# Can you hunt in your backyard?



## Jager Pro (Nov 8, 2013)

Not something I would do but was just wondering. I always assumed that you couldn't hunt within subdivisions, however I was reading the through the hunting and trapping guide and saw "safety zones are all areas within 150 yards (450 feet) of an occupied building". Well behind my house there is an oval/rectangle piece of land that is mostly swamps and fields, according to google maps it's 800x500 feet from houses. Does this it is not within a safety zone and therefor open to hunting or would it still be illegal?


----------



## dead short (Sep 15, 2009)

As long as you are at least 450 feet from an occupied dwelling and if it's private property you have permission, it would be legal. 

Unless you are in an area with a local hunting control or there is an ordinance that makes discharging a bow or firearm against the law. 


Sent from my iPhone using Ohub Campfire mobile app


----------



## Contender (May 18, 2004)

Best to check with your township/city/county. There are many areas in Oakland County that are closed to hunting.


----------



## Jimbo 09 (Jan 28, 2013)

After making sure it is legal it would be a good idea to talk to your neighbors ahead of time to see if they would allow you to track a deer onto their property if need be.


----------



## Jimbo 09 (Jan 28, 2013)

Contender said:


> Best to check with your township/city/county. There are many areas in Oakland County that are closed to hunting.


Be sure to check with the township you are in they should be able tell you what areas don't allow hunting. Just did this with a township in northern Oakland county for duck hunting this year and they even printed out a map out for us.


----------



## Jager Pro (Nov 8, 2013)

Well I went to Charter of Oakland Twp website and the only hunting they talked about were application for antlerless deer in a single park. Didn't say if it was illegal in subdivisions.


----------



## Jimbo 09 (Jan 28, 2013)

http://www.michigan.gov/dnr/0,4570,7-153-10366_37141_37701-38890--,00.html

This may help. Scroll down to Oakland township section.


----------



## Jager Pro (Nov 8, 2013)

Jimbo 09 said:


> http://www.michigan.gov/dnr/0,4570,7-153-10366_37141_37701-38890--,00.html
> 
> This may help. Scroll down to Oakland township section.
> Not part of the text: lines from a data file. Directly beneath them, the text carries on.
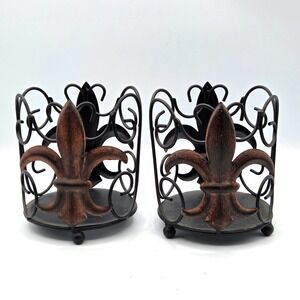 Retro‎ PAIR of Pier 1  METAL Fleur-de-Lis Candle Holders  Hurricane Vase Rustic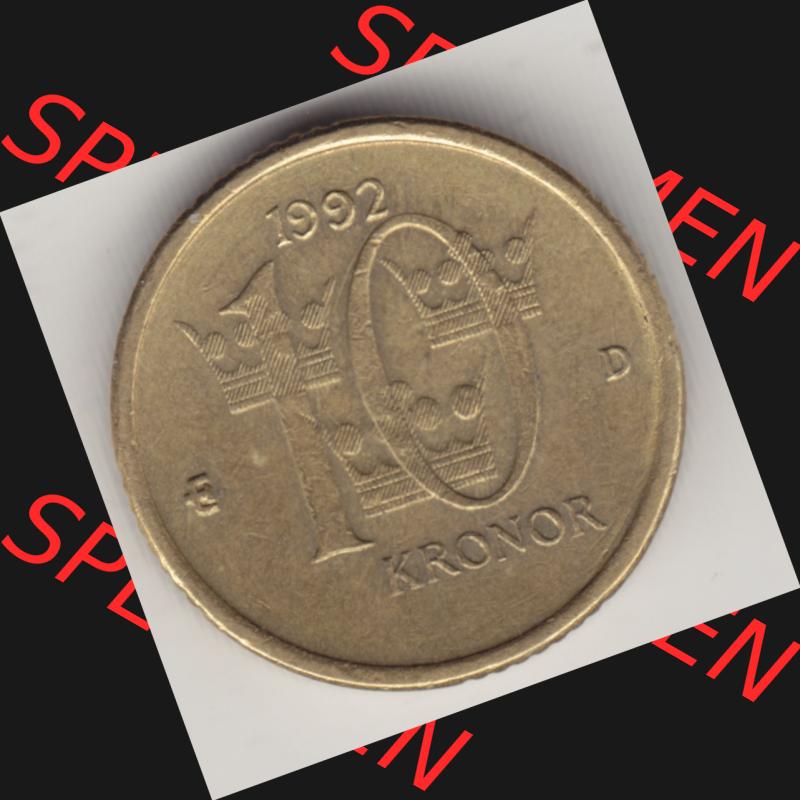 Münzen Schweden Umlaufmünze 1991-2000, 10 Kronen 1992, Bild mit Rückseite der Münze als Bildmaterial Sammlung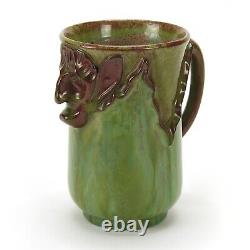 WJW Walley Pottery Devil mug tail handle semi matte green brown arts & crafts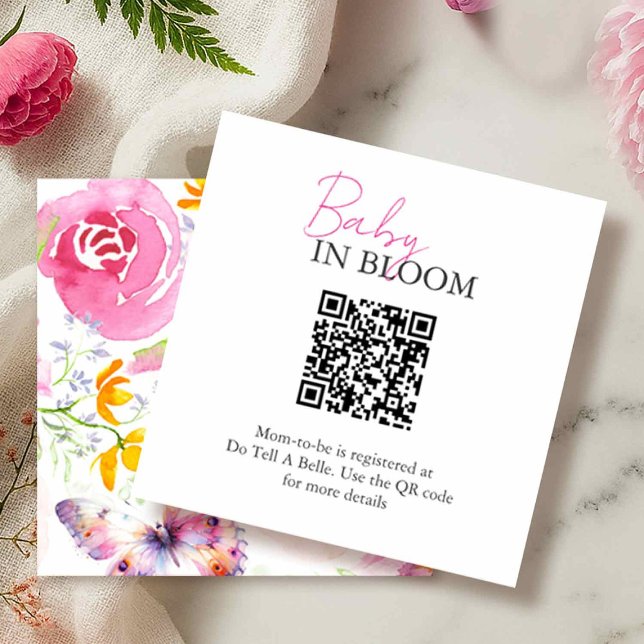 Baby In Bloom Floral Registry Enclosure Card (QR code baby shower enclosure cards floral and butterfly watercolor theme Victoria Grigaliuans)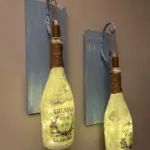 Tıpa Peri Led Işıklı Mavi Eskitme Ahşap Buzlu Cam Şampanya Şişesi Duvar Aplik 2'li Set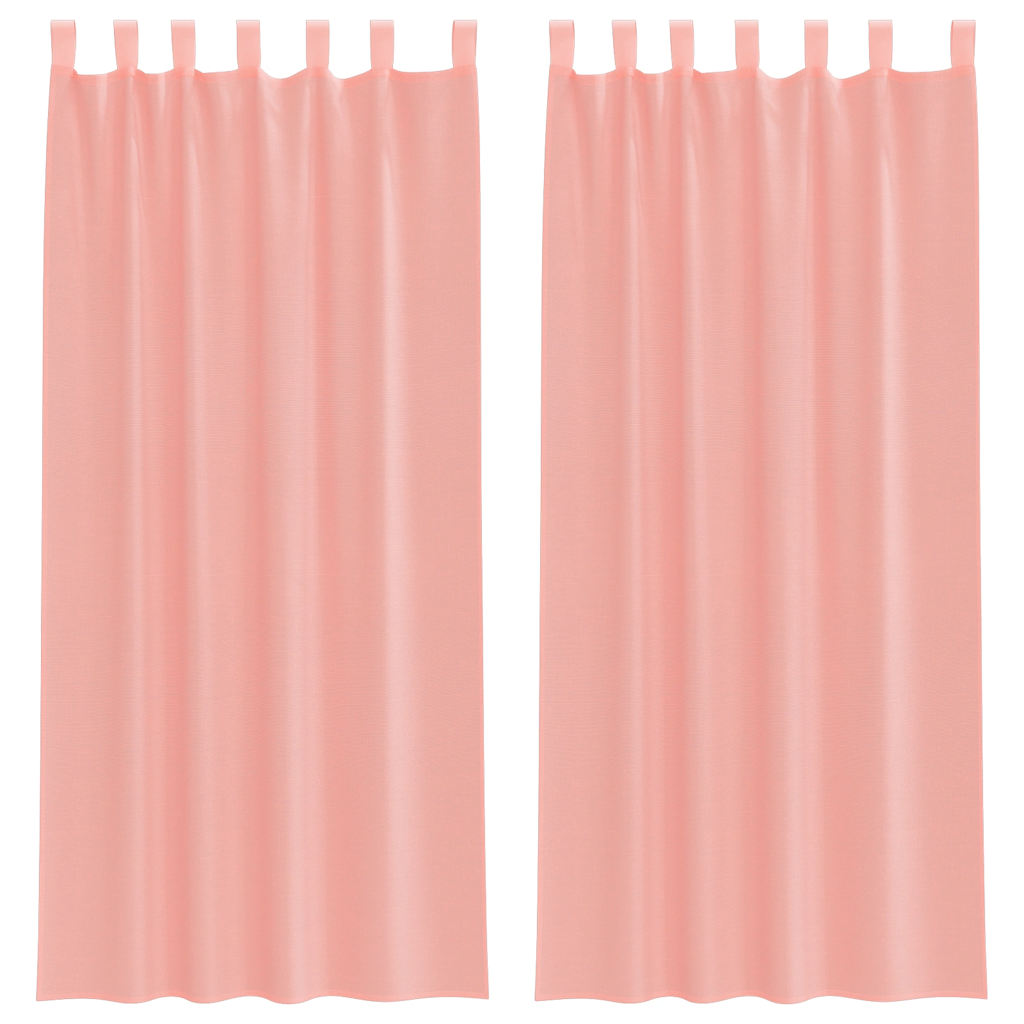 Aasadega voilee kardinad 2 tk, roosad, 140 x 245 cm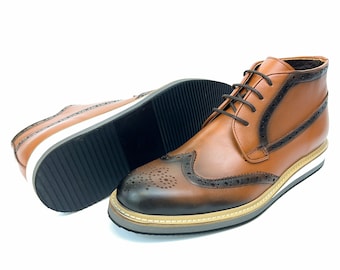Handmade Tan Leather Wingtip Boots: Men display picture 2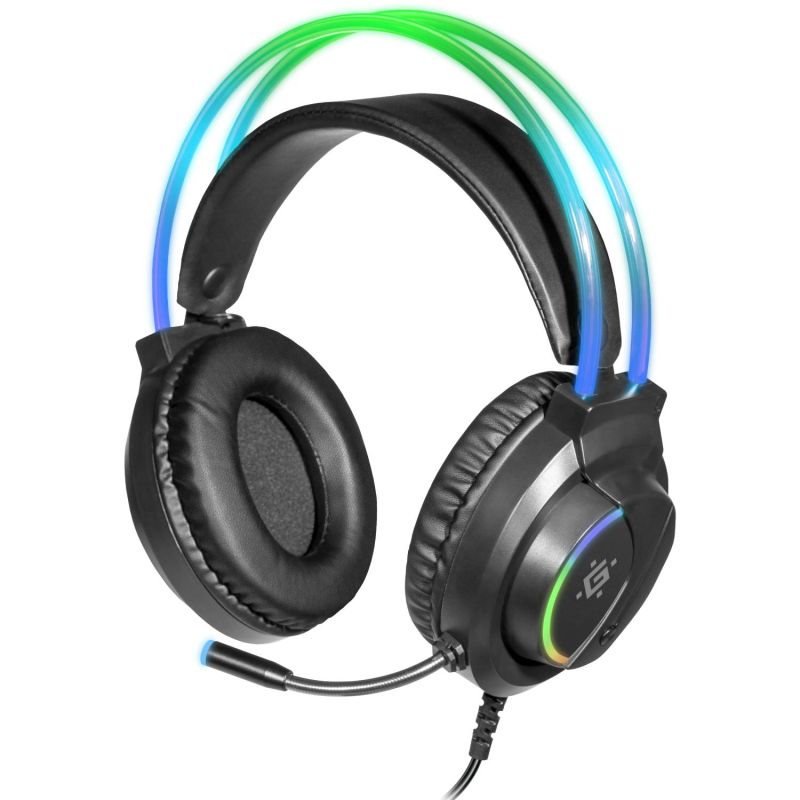 Ігрова гарнітура Defender Flame RGB, кабель 2 м, чорна (64555)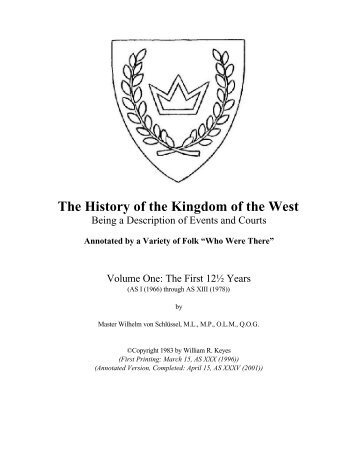 Annotated "History of the West" - The History of the Kingdom of The ...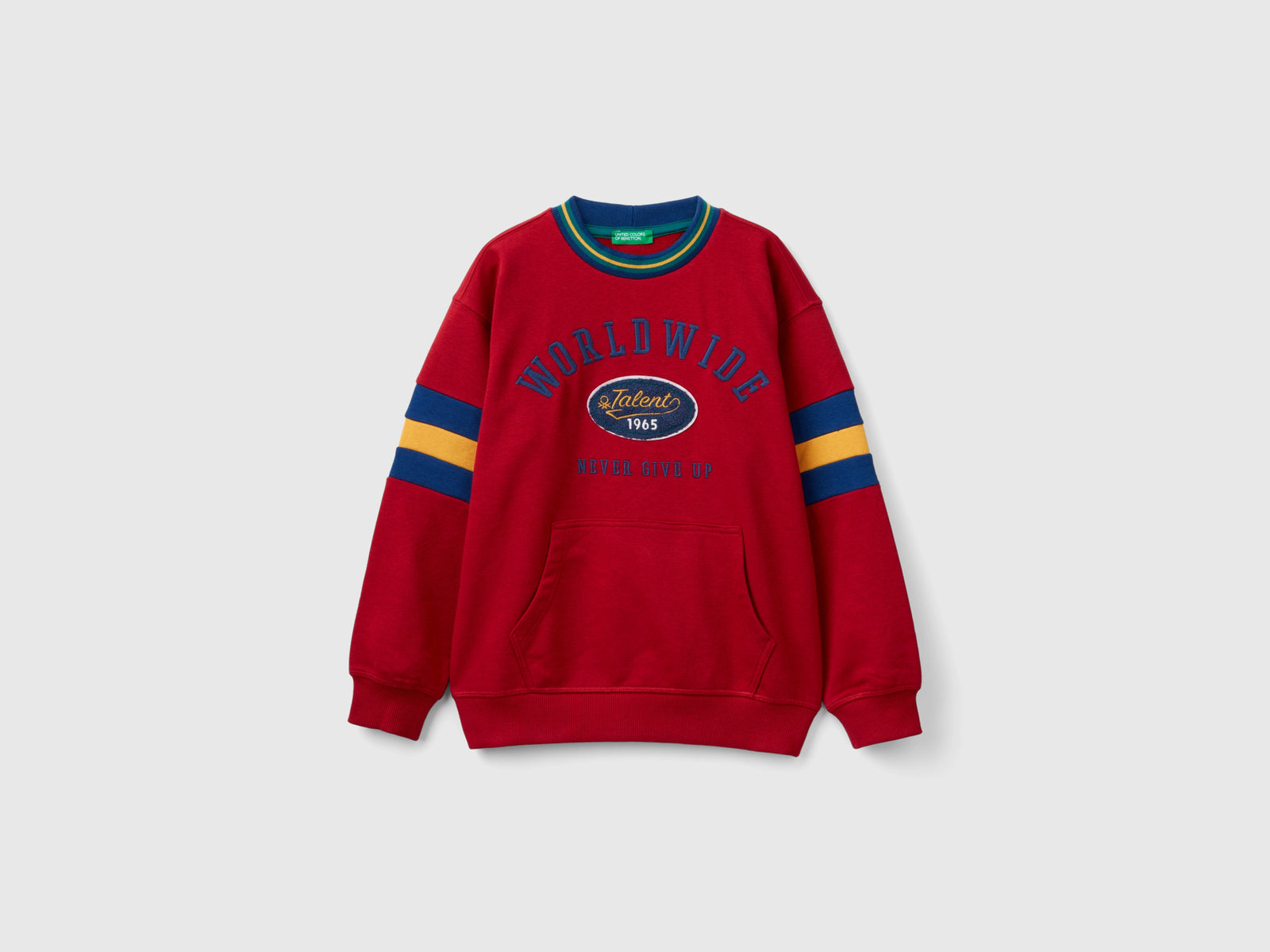 Felpa con ricamo in misto cotone da bambino rosso | Benetton Outlet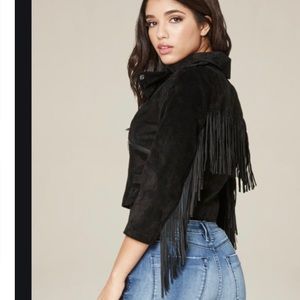 Bebe Black Fringe Suede Cropped Jacket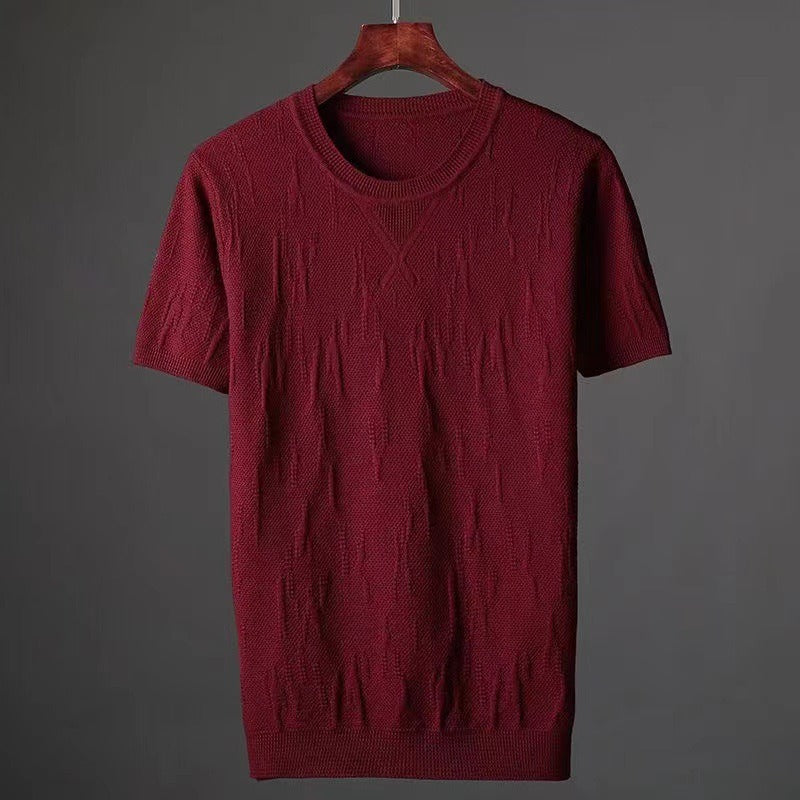 T-shirt ajusté en maille fine pour hommes - Einar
Haha holy crap I can hunt in back yard! I'm just south of one of the restrictions. That's really funny because I thought for sure you could not. Thanks that list helped a lot.


----------



## Bloodrunner (Feb 3, 2011)

Pretty sure you can be *closer* than 450' from an occupied building as long as you have written permission.

Guess what I am saying is, there is no distance law, if you have permission from neighbors too hunt.

Correct me if this is wrong.


----------



## Bloodrunner (Feb 3, 2011)

Several real nice bucks are killed right behind peoples houses in subdivisions every year and in every State.


----------



## Jager Pro (Nov 8, 2013)

Bloodrunner said:


> Pretty sure you can be *closer* than 450' from an occupied building as long as you have written permission.
> 
> Guess what I am saying is, there is no distance law, if you have permission from neighbors too hunt.
> 
> Correct me if this is wrong.


So my interpretation of this is that I would need permission from everyone that is within 450' of my hunting location. My one neighbor told me to shoot them in the backyard, I shook it off because he was drinking :lol: and cause I thought it was illegal.


----------



## deernutz (Jan 18, 2009)

U can hunt/shoot closer than 450 feet with permission from the homeowner. Looks like you have a new hunting spot. I agree with the post about asking permission ahead of time from neighbors on the possibilty of needing to track


----------



## Jager Pro (Nov 8, 2013)

Here's another question. What about Detroit Edison power lines? Is that public or private? Is it private land considered industrial forest (I'm not even sure what this all means)? They have power lines that runs between my sub and the sub right next to mine and that's where all of the deer are. 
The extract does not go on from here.